Jin Hi Kim, komungo and electric komungo
Gerry Hemingway, drums
Benton-C Bainbridge, digital images
Joel Cadman, video mandala
"Digital Buddha" is a multimedia solo performance mixed with video. The komungo is a Korean fourth century fretted board zither. Jin Hi Kim's this new komungo compositions are imbued with meditative and vivid energy that makes it mesmerizing.
Jin Hi Kim introduced the komungo, an indigenous instrument from South Korea into the Western contemporary music scene. Kim co-designed the world's only electric komungo, bringing the instrument into the 21st Century. Her live interactive performance pieces mix the komungo with a MIDI computer system using MAX/MSP.
Kim is internationally acclaimed as an innovative komungo virtuoso and for her cross-cultural compositions. Jin Hi Kim is from South Korea. She trained as a classical player, steeped in tradition. Kim now composes and improvises on the komungo and the electric komungo.
Kim has composed pieces for chamber ensemble, orchestra, cross-cultural ensemble, multi-media and avant-garde jazz improvisations. Jin Hi Kim and Gerry Hemingway's have been collaborating since 2003.
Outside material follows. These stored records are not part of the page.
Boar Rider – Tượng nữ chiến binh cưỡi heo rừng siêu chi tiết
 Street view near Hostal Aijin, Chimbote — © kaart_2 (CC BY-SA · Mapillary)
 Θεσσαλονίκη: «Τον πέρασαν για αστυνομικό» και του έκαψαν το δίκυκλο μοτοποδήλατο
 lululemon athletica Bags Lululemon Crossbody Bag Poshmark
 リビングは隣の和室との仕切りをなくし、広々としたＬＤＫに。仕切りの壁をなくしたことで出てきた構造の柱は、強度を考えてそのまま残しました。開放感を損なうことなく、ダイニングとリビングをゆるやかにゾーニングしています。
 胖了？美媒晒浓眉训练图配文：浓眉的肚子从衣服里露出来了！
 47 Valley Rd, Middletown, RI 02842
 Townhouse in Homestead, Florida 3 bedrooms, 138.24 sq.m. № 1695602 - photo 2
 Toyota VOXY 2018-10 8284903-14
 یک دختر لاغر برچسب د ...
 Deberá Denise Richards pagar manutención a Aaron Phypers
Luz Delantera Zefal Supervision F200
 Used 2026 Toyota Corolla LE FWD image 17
Jin Hi Kim was featured on PRI's The World, Voice of America and BBC-Global Hit. She was awarded the 2013 McKnight Visiting Composer with the American Composers Forum. She was Music Alive Composer-in-Residence with New Haven Symphony Orchestra from 2009 to 2011. Kim's compositions have been commissioned by Kronos Quartet, American Composers Orchestra, Chamber Music Society for the Lincoln Center, Boston Modern Orchestra Project, Xenakis Ensemble, Zeitgeist, The Kitchen and Japan Society. She was a Guggenheim Fellow in Music Composition.
Kim has performed "Digital Buddha" at Korea Festival, Festival Dos Abrazos and Expo Zaragoza in Spain, Expo Cibao in the Dominican Republic, the Art & Ideas Festival in New Haven, Conn., the Festival Salihara in Indonesia and Roulette in New York City.